### TASK STATEMENT
Going line by line through the records below, write out everything starting with the line containing "Hi, Mike Verhoef" and going on through the line containing "The Oppo Reno", exactly and inclusively. Pictures do not go in.

### SOURCE DATA
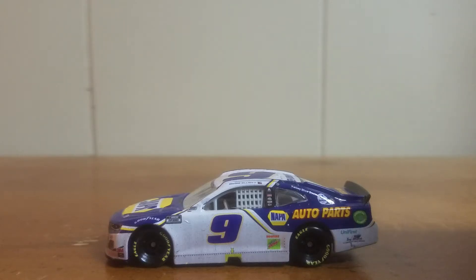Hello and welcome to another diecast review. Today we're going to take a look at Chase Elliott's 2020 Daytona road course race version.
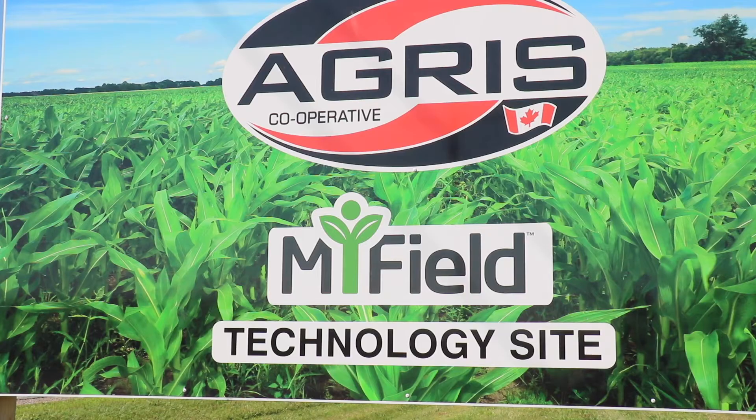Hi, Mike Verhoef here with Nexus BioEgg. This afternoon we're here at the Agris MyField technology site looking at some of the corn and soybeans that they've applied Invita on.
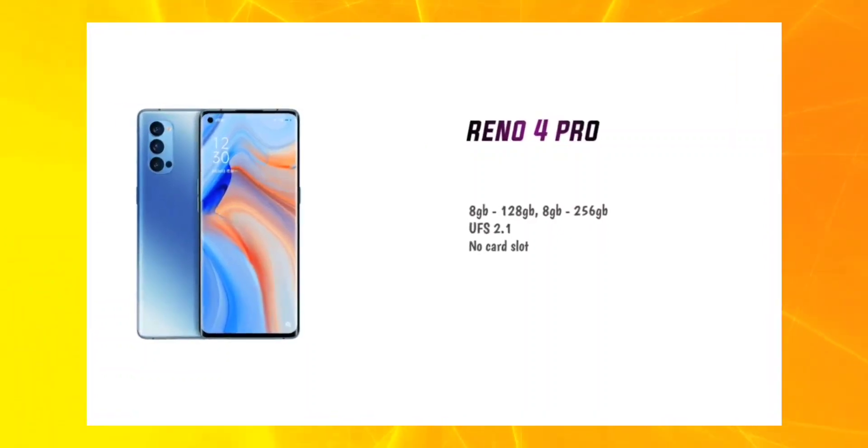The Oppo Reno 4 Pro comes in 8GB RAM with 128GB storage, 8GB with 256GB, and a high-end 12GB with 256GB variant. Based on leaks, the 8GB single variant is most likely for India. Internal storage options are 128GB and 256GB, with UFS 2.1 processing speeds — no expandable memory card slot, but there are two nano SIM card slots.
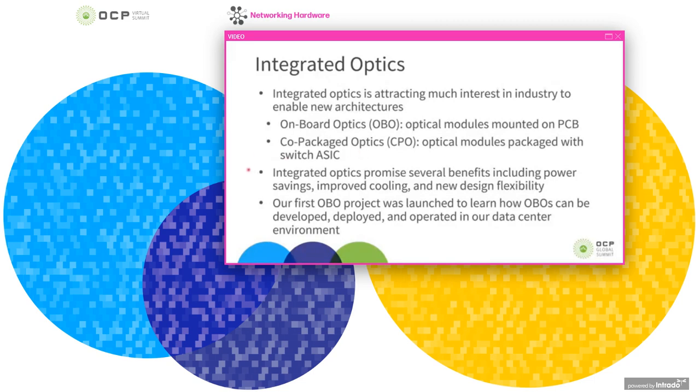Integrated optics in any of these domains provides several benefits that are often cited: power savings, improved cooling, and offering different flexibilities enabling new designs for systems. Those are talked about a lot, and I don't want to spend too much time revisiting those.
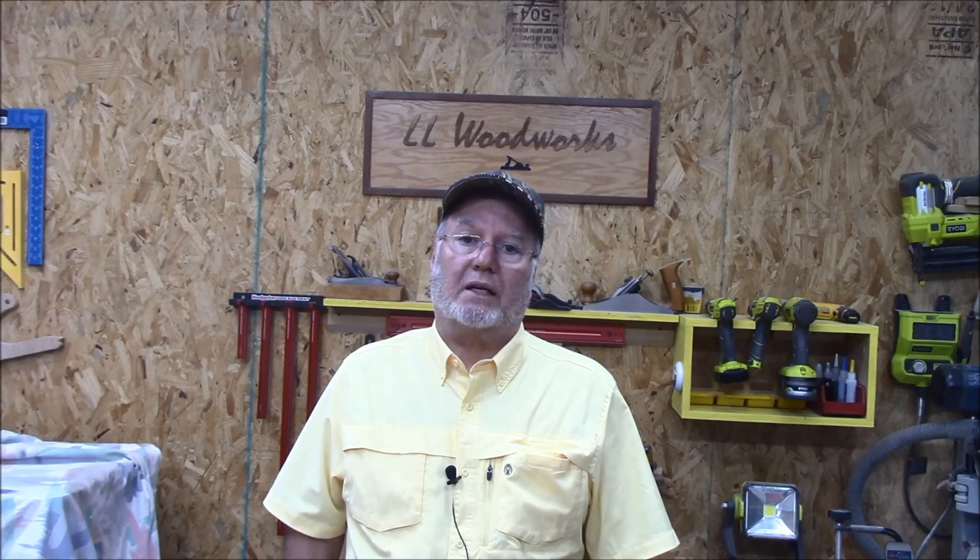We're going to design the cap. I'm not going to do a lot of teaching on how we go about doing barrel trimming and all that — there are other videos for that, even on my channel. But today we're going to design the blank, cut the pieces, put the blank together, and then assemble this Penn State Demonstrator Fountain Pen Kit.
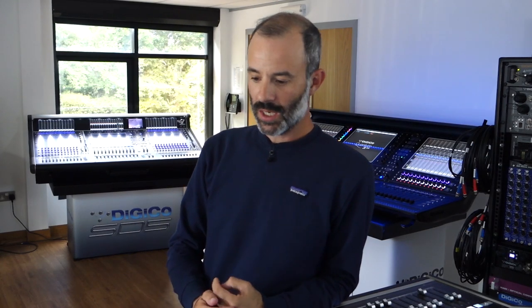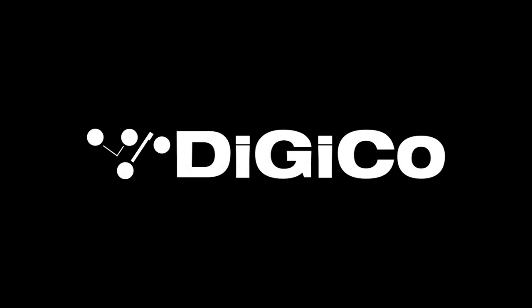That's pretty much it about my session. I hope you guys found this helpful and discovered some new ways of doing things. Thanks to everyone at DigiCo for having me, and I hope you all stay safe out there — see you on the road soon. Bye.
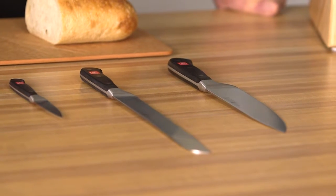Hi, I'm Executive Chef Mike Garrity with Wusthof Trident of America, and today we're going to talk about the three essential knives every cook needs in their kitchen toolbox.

...

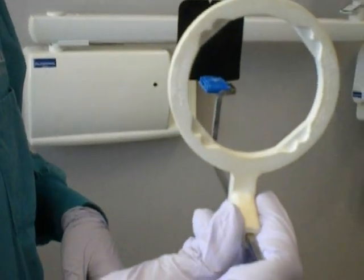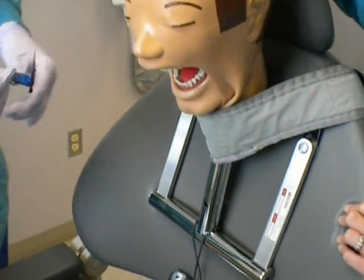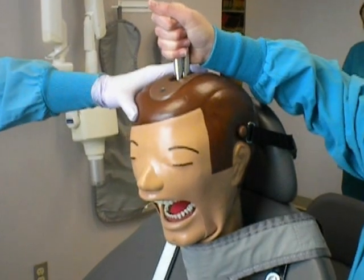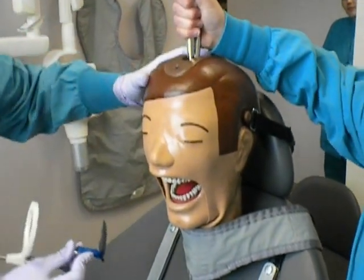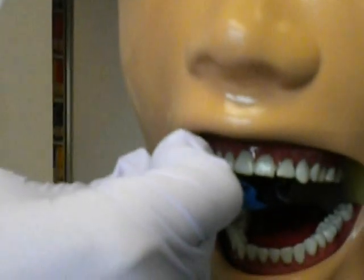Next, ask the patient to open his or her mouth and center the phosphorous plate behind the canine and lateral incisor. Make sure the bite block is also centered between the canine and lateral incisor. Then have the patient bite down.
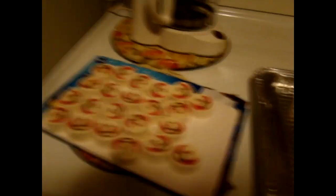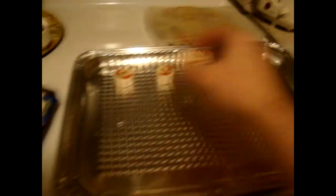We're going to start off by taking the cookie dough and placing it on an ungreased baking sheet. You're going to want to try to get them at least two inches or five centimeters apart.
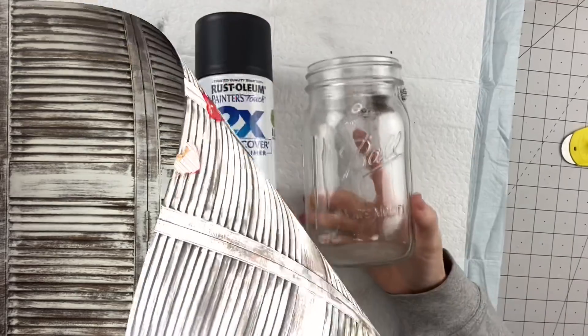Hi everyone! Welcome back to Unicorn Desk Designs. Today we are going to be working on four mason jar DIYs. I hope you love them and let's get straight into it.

### EXERCISE RESULT
Hi, Mike Verhoef here with Nexus BioEgg. This afternoon we're here at the Agris MyField technology site looking at some of the corn and soybeans that they've applied Invita on.
The Oppo Reno 4 Pro comes in 8GB RAM with 128GB storage, 8GB with 256GB, and a high-end 12GB with 256GB variant. Based on leaks, the 8GB single variant is most likely for India. Internal storage options are 128GB and 256GB, with UFS 2.1 processing speeds — no expandable memory card slot, but there are two nano SIM card slots.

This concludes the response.